Today, the government of the United Kingdom has launched a public consultation in order to help it decide on where to develop a new site for radioactive waste storage, offering communities a maximum of £1m per year to host the said facility.
A so-called geological disposal facility would involve the placement of radioactive waste that is created by the nuclear plants of Britain at least 200 meters underground in a facility that is specially engineered.
Around a fifth of the electricity of the United Kingdom that is generated by nuclear plants. However, the waste that was created must be stored for thousands of years, and currently, only temporary storage facilities are utilised.
A new facility is required in order to safely dispose of the waste that will be produced by the new generation of nuclear power stations which are being developed currently, including the Hinkley Point C.
The government said that the said facility will create a maximum of 2,000 skilled jobs and bring at least £8bn to the economy over the lifetime of the facility. However, Richard Harrington, the energy minister, said that planning consent would only be granted to sites that secure local support.
Harrington stated: “We owe it to future generations to take action now to find a suitable permanent site for the safe disposal of our radioactive waste. And it is right that local communities have a say.”
According to the consultation plans, the communities could receive a maximum of £1m per year in funding during the initial land testing if they would agree to host the waste site. The said figure could increase to £2.5m per year for those that permit boreholes to test whether the land of their community is suitable.
An earlier attempt to look for a host for the said project failed when Cumbria county council declined the plans in 2013.
Consultations in Northern Ireland, Wales, and England is set to run for 12 weeks.
The chief executive of the Nuclear Industry Association, Tom Greatrex, said that the consultations will give greater clarity regarding the key issues of effective community engagement and underground storage.
“It will place the community at the centre of the process, as well as delivering the long-term job creation such a facility will bring,” said Greatrex.
However, environmental groups criticised the plans, with Greenpeace UK saying that the government was “bribing” communities.

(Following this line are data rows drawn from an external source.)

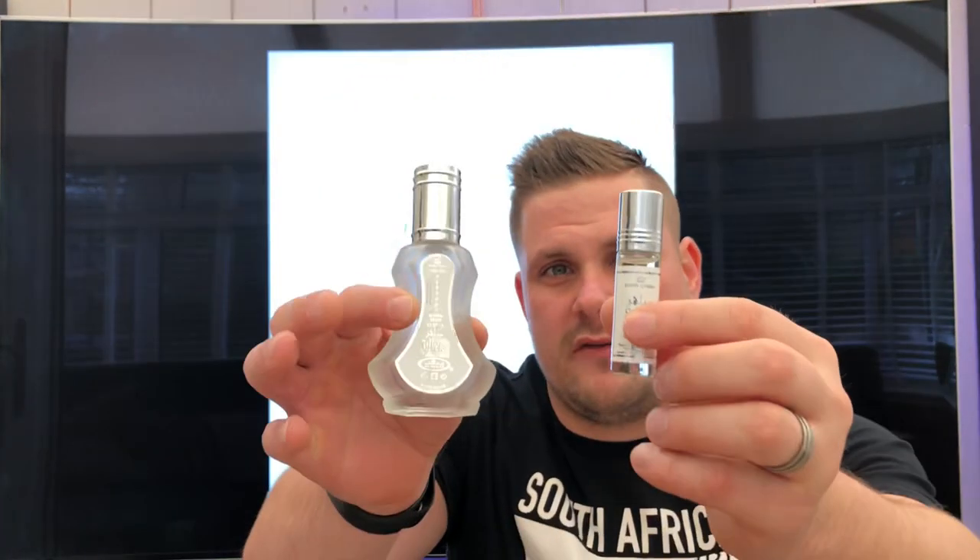Welcome back to another fragrance haul video. This time it's the House of Al Rehab. The first one I ever bought is called Silver by Al Rehab. A lot of people say this smells like Creed's Silver Mountain Water, and it does. It's a very good fragrance — strong, long-lasting. It's a very good copy. I gave one to my father-in-law and he loves it.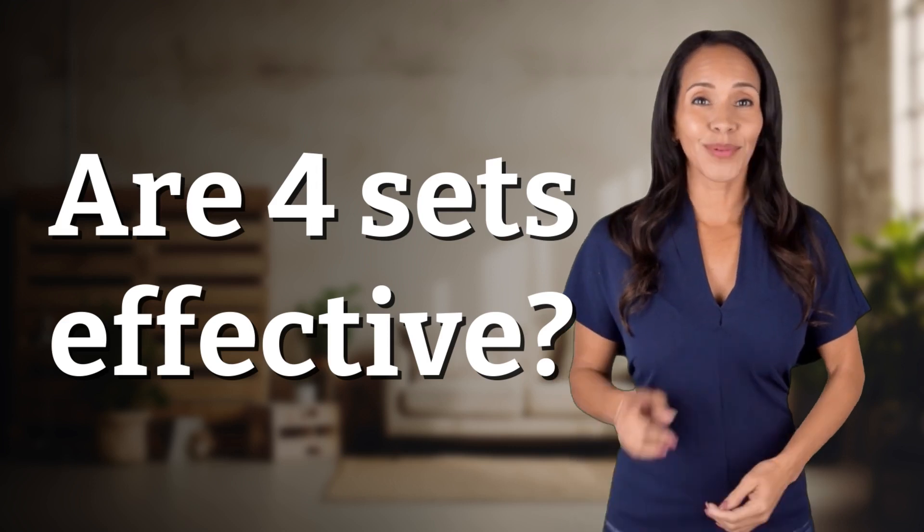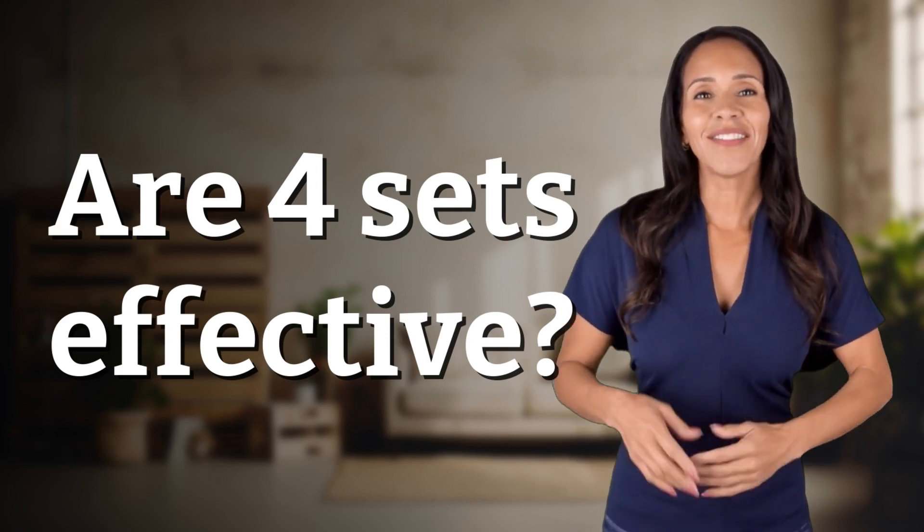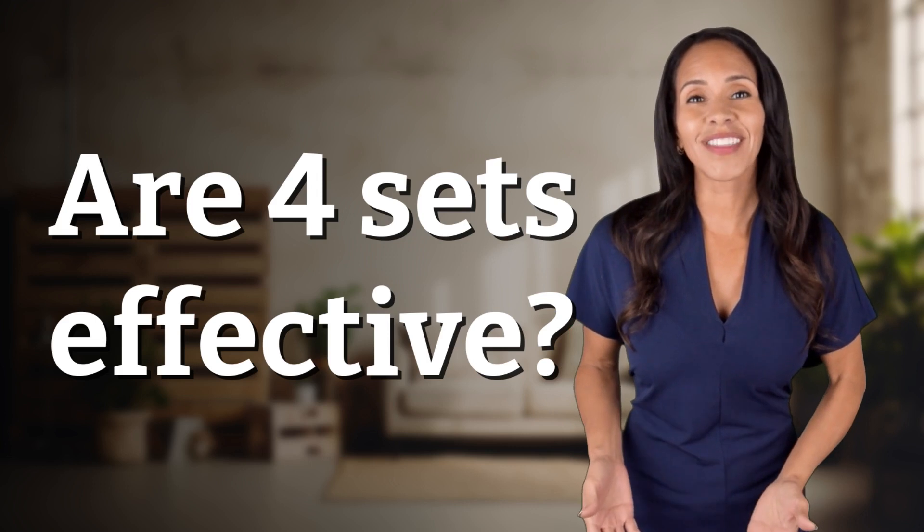Ready to explore and reveal? Dive into today's question and uncover the answers together.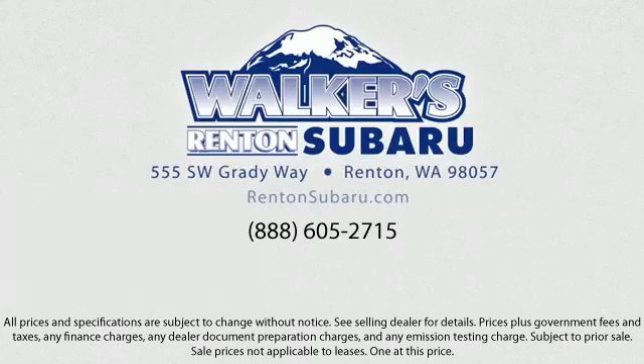Come see why the right place to purchase your new Subaru is right here — Walker's Renton Subaru. Real value, real people, real simple. Located just off of I-405 and State Route 167, just minutes from I-5, it's simple to visit us anywhere in the greater Seattle area.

The group urged ministers to pursue solar and wind power plans instead of new nuclear builds.
The director of the Energy and Climate Intelligence Unit (ECIU), Richard Black, stated: “Finding a secure resting place for Britain’s growing nuclear waste stockpile is something that government after government has failed to do – sometimes for lack of trying, sometimes through trying to foist on communities something they really didn’t want.
“The only approach that stands a chance of succeeding is absolutely openness – and one hopes that this will indeed be the approach, because the waste can’t be wished out of existence.”